Chapter 27: API Keys, Rate Limiting & Real-Time Dashboard
This appendix covers Pierre’s B2B API key system, unified rate limiting engine, and real-time usage dashboard/WebSocket updates. You’ll learn how API keys are modeled, how quotas and bursts are enforced, and how the dashboard surfaces this information to end users.
API Key Model & Tiers
Pierre exposes a B2B API via API keys that carry their own tier and quota metadata.
Source: src/api_keys.rs:19-75
#![allow(unused)]
fn main() {
/// API Key tiers with rate limits
#[non_exhaustive]
#[derive(Debug, Clone, Serialize, Deserialize, PartialEq, Eq)]

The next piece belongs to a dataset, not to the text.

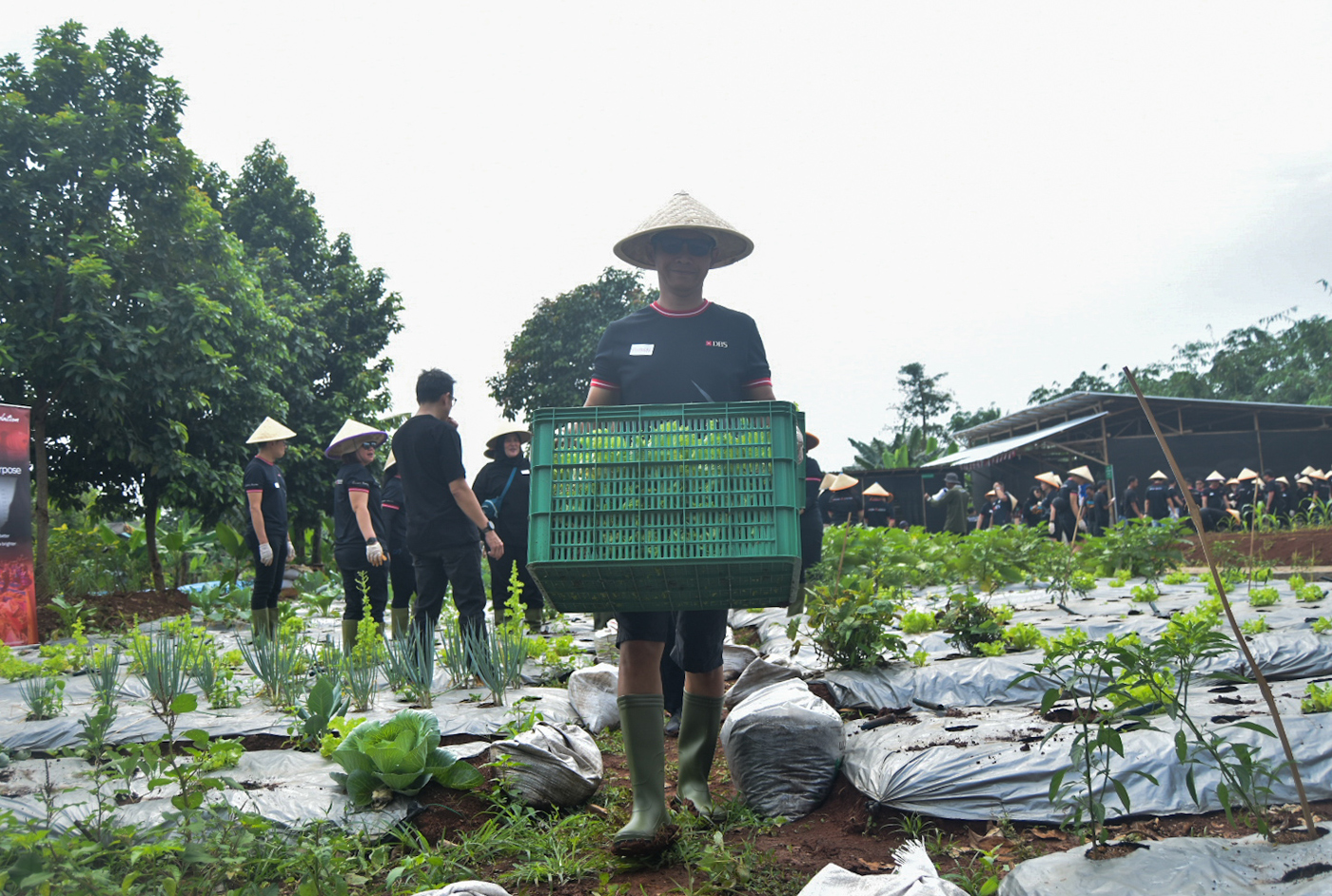Kegiatan bercocok tanam di ladang. (Dery Ridwansah/ JawaPos.com)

#[serde(rename_all = "lowercase")]
pub enum ApiKeyTier {
/// Trial tier - 1,000 requests/month, auto-expires in 14 days
Trial,
/// Starter tier - 10,000 requests/month
Starter,
/// Professional tier - 100,000 requests/month
Professional,
/// Enterprise tier - Unlimited requests
Enterprise,
}
impl ApiKeyTier {
/// Returns the monthly API request limit for this tier
#[must_use]
pub const fn monthly_limit(&self) -> Option<u32> {
match self {
Self::Trial => Some(TRIAL_MONTHLY_LIMIT),
Self::Starter => Some(STARTER_MONTHLY_LIMIT),
Self::Professional => Some(PROFESSIONAL_MONTHLY_LIMIT),
Self::Enterprise => None, // Unlimited
}
}
/// Returns the rate limit window duration in seconds
#[must_use]
pub const fn rate_limit_window(&self) -> u32 {
RATE_LIMIT_WINDOW_SECONDS // 30 days in seconds
}
/// Default expiration in days for trial keys
#[must_use]
pub const fn default_trial_days(&self) -> Option<i64> {
match self {
Self::Trial => Some(TRIAL_PERIOD_DAYS),
_ => None,
}
}
}
}
Tier semantics:
- Trial: 1,000 requests/month, auto-expires after
TRIAL_PERIOD_DAYS. - Starter: 10,000 requests/month (
STARTER_MONTHLY_LIMIT). - Professional: 100,000 requests/month (
PROFESSIONAL_MONTHLY_LIMIT). - Enterprise: Unlimited (
monthly_limit() -> None).
API Key Structure
Each API key stores its hashed value, tier, and rate limiting parameters.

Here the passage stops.